Published online by Cambridge University Press: 07 March 2023
Described Thomas James 63; Stanley F. 7; Nasmith 174; T.D. Hardy, Descriptive Catalogue of Materials Relating to the History of Great Britain and Ireland to the End of the Reign of Henry VII, Rolls Series 26, 3 vols. (London, 1865), p. 4; James, Corpus 174; Brie, vol. 2, p. vi; Matheson, Brut, p. 88; Index of Images 59.
[1]
f. 1
In the noble lande of syrrie þer was a noble king and mighty and a man of grete renoun þat men called dyocliciam þat wel and worþely […] gouernede and reuled þoruʒ his noble chi[.]alrye so þat he conquerede alle þe landes aboute him so þat almost alle þe kinges of þe worlde to him were entendaunt hit bifel þat …
f. 198v
… made hym knyght the which knyg [sic] edward whan he had regned .lj. ʒere and more the .xj. kl of iuyn he deide att shene and is beried worschipfully at westmynster on whos soule god haue mercy amen.
‘Here may a man hure engelande was fferst callede albyon and þoruʒ wham hit had þe name’. The Brut. Folio 1r is worn and the writing in places illegible. At the head of the page in a s. xvi hand: ‘William Caxtons Fructus Temporum’. Below the last line of text on f. 198v in red crayon in the hand of Matthew Parker: ‘hic desunt usque ad 7 h quinti’. In pen below this in a later hand: ‘imperfect he wrot to almost the End of Edw: 4th’. Wells Rev. 8:2818 [10]. IPMEP 374. Ed. Brie (1906–08), who used the present MS as his base text for the 1333–1377 continuation, i.e. ff. 172v–198v (vol. 2, pp. 291–332).

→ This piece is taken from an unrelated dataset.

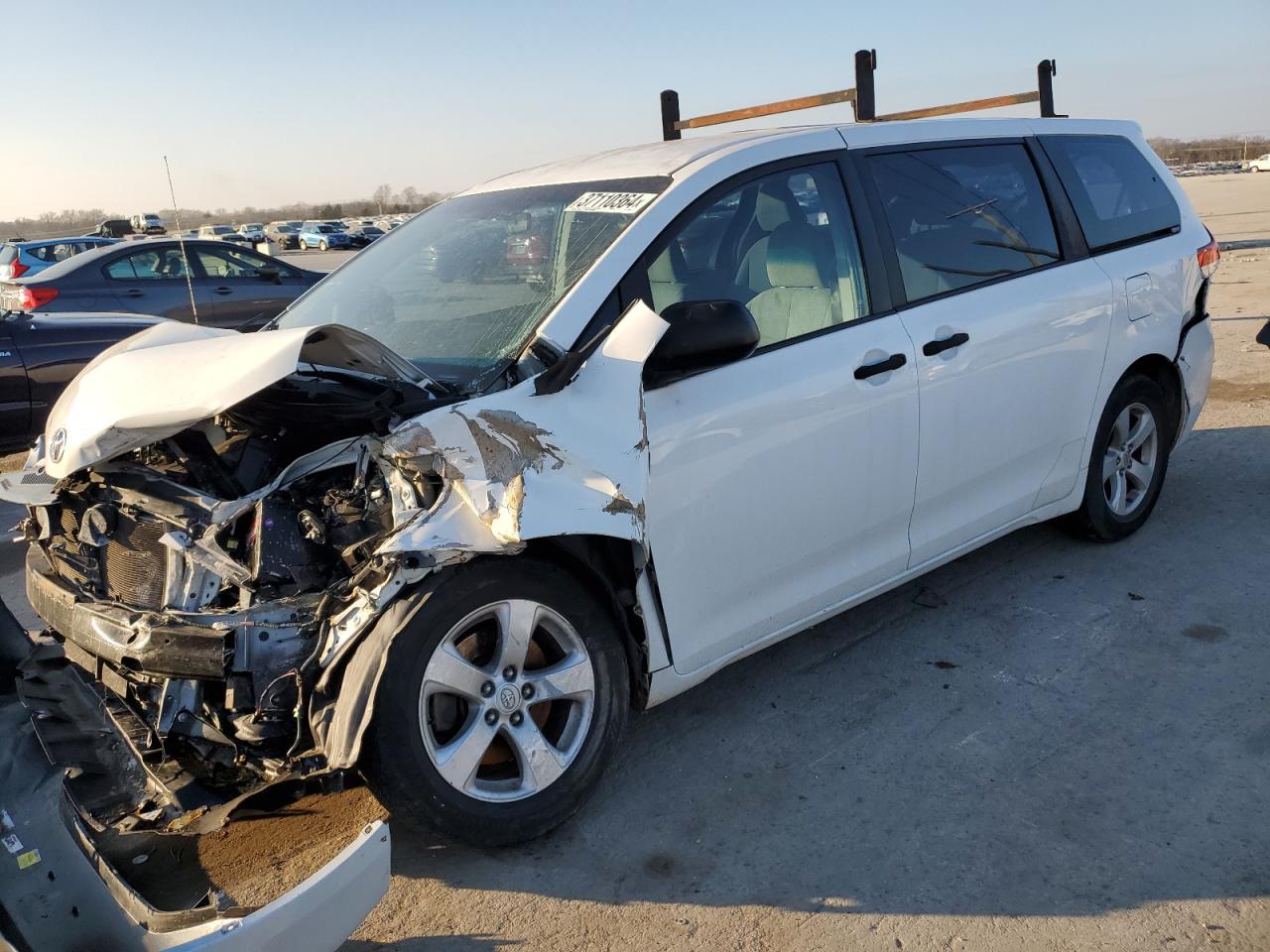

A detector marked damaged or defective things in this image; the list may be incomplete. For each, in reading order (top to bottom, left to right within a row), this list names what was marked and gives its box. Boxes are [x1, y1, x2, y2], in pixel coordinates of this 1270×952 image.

shattered windshield [276, 175, 671, 391]
crumpled hood [43, 319, 427, 480]
severe front-end damage [0, 303, 671, 936]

Other texts: Matheson notes that the English Brut has survived in 181 medieval and post-medieval manuscripts (three of which contain two discrete texts of the work). He classifies the present MS as belonging in Group CV-1377 f.c. (i.e. Common version to 1377 with full continuation), along with BL Harley 2279, ff. 3–146; BL Stowe 68, ff. 1–189v; Manchester, John Rylands Eng 102, ff. 1–101v and Eng 103(2), ff. 1–130v; Philadelphia, Free Libr of Philadelphia Lewis 238, ff. 1–126.